How does it work?
The basic concept of 360 capture in Unity is similar to 360 capture in the real world: we point the (virtual) camera in many different directions to capture different parts of the scene, and then combine the results into a single 360 degree image. Monoscopic capture is particularly simple: we just point the camera in six directions, up, down, left, right, forward and backwards (cubemap format). The camera is located in exactly the same position for all six. The image below shows capturing a checkered box using a camera located inside the box.
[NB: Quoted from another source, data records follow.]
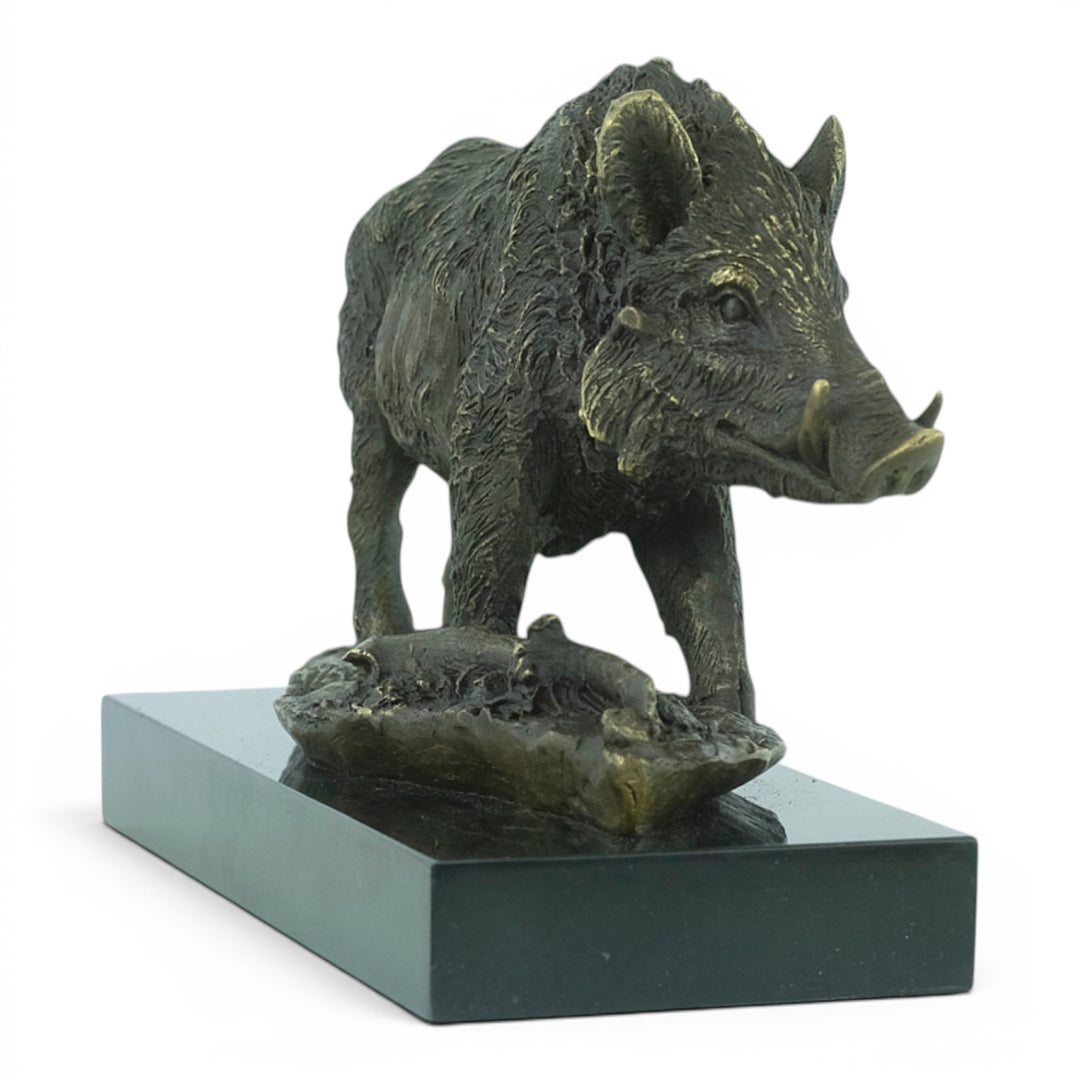 Bronze sculpture of a wild boar on a marble plateau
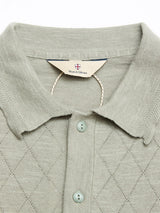 Close-up of the BGwally Diamond Polo in Shadow Green by Blue de Gênes, featuring diamond-patterned stitching on a light green cotton-linen blend, three buttons, and a Blue de Gênes tag inside the collar.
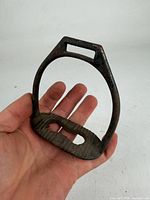 Front view of the iron stirrup showing strap slot and tread plate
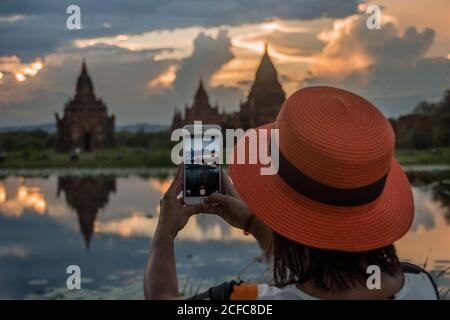 Vue arrière d'une femme en chapeau orange se tenant au bord du lac et prenant des photos avec un smartphone des beaux temples bouddhistes de Bagan Birmanie avec ciel nuageux au coucher du soleil en arrière-plan Banque D'Images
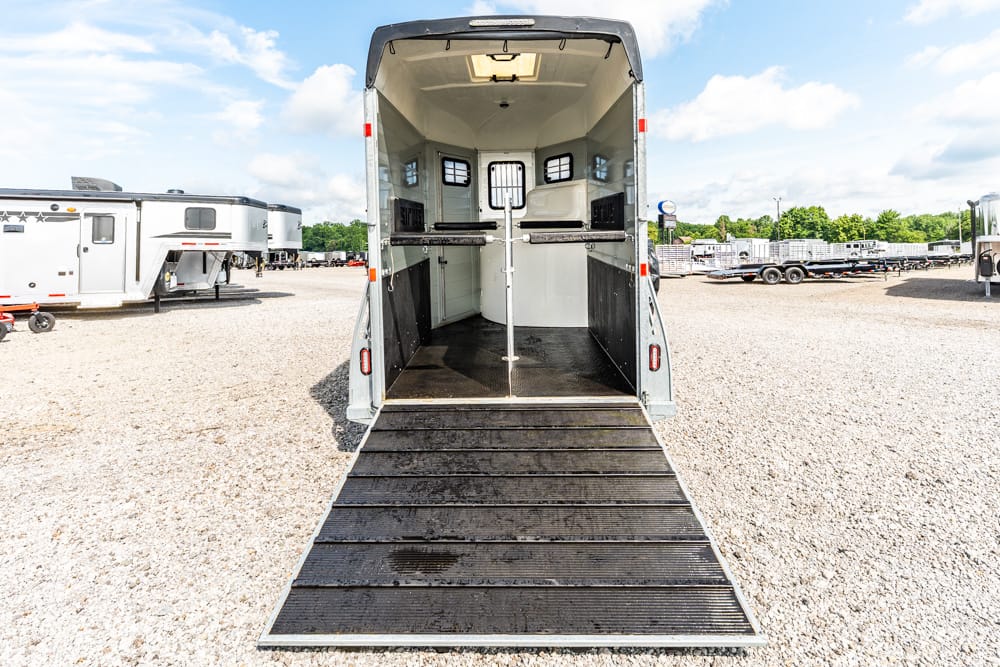 Open horse trailer with ramp down in a gravel lot, showing interior divider stalls.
Representing a complete 360 degree environment in a single image faces the same challenge as trying to represent the surface of the Earth on a flat map. The projection used by most tools today is the equirectangular projection. In an equirectangular projection, vertical (y) position gives latitude, while horizontal (x) position gives longitude. This projection is generally avoided by mapmakers because it distorts the area of the poles, making them appear much larger than they actually are; but it is convenient for 360 degree panoramas because it is easy to create an efficient viewer for this format by simply projecting the image onto the inside of a large sphere and placing the viewer inside the sphere.
Note that 360 captures must be very high-resolution, because at any given time, you are only “zooming in” on a small portion of the video (typically 10-20%). To roughly match the angular resolution of an Oculus Rift or HTC Vive, 360 captures must be at least 4K pixels wide.
Converting from the captured camera views into the final equirectangular image requires a re-projection operation, which copies pixels from the source images to their correct locations in the target image. This can be done very quickly on GPU using a compute shader; once it’s done, the final image is transferred to the CPU for saving.
Note that in some cases, this simple approach can produce visual artifacts. For example, if a vignette filter is being applied to dim the edges of the view, this will cause the edge of each of the six views to be dimmed, making the edges of the cube visually evident, as shown below. To reproduce such an effect, it would be necessary to remove it during capture, and then add it back while viewing the panorama. Screen-space effects that cause issues like this usually appear in sky and water effects. Other screen-space effects, like bloom or antialiasing, affect the entire view uniformly, and so produce no noticeable artifacts.